The next major contributor to the translation process was Sr.Felicia Plaza, a Mercedarian sister who had taught on Saipan for many years before she began working for the Micronesian Area Research Center at the University of Guam. More than any other single person, Sr.Felicia was responsible for the rapid growth of MARC's prized collection of Spanish documents. From 1968 she traveled widely in Europe and Mexico to gather copies of key materials on the early missionization and colonization of the Marianas. In 1980, Sr.Felicia completed the translation of Books One and Two, and the first four chapters of Book Three. Her English version of the first part of Book Three appeared as a number (No.22) of the MARC Working Papers.
Fr. Juan Ledesma, SJ, was the third person to contribute to the English translation. Ledesma is a Filipino Jesuit who, like Garcia himself, has had a lifelong interest in the achievements of his religious brothers. While assisting the postulator for Fr. San Vitores' cause for beatification between 1985 and 1989, Ledesma translated the remainder of Garcia's book: Book Four (on the miracles of San Vitores) and the later chapters of Book Five. Even before this, he rendered Alberto Risco's book on San Vitores into English. This was published in 1970 under the title The Apostle of the Marianas.

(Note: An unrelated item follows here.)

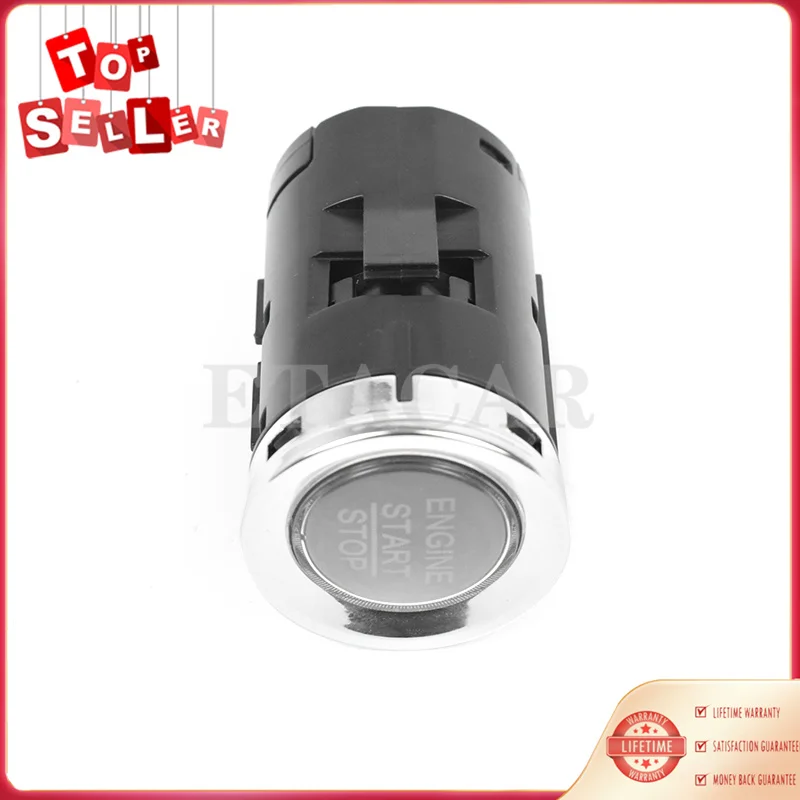 1 шт. S-переключатель запуска двигателя 35881-TG7-702 35881-TG7-A03 35881TG7702 35881TG7A03 подходит для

It was left to Fr. James McDonough, SJ, a priest who has served on Guam for over 25 years, to pull together and polish these partial translations, shaping them into this present volume, the first full English translation of Garcia's biography of San Vitores. During the quarter-century he has worked on the island on which San Vitores shed his blood, Fr. McDonough has assumed many different roles. At times Fr. Jim has been a teacher, at times an administrator at the University of Guam, but always a dedicated Jesuit priest whose life and labors have proclaimed the same ideals that San Vitores lived and died for. Let this translation of a memorial to the man who inaugurated the evangelization of Oceania also stand as a testimony to the good works and devotion of Fr. Jim McDonough, one his spiritual offspring.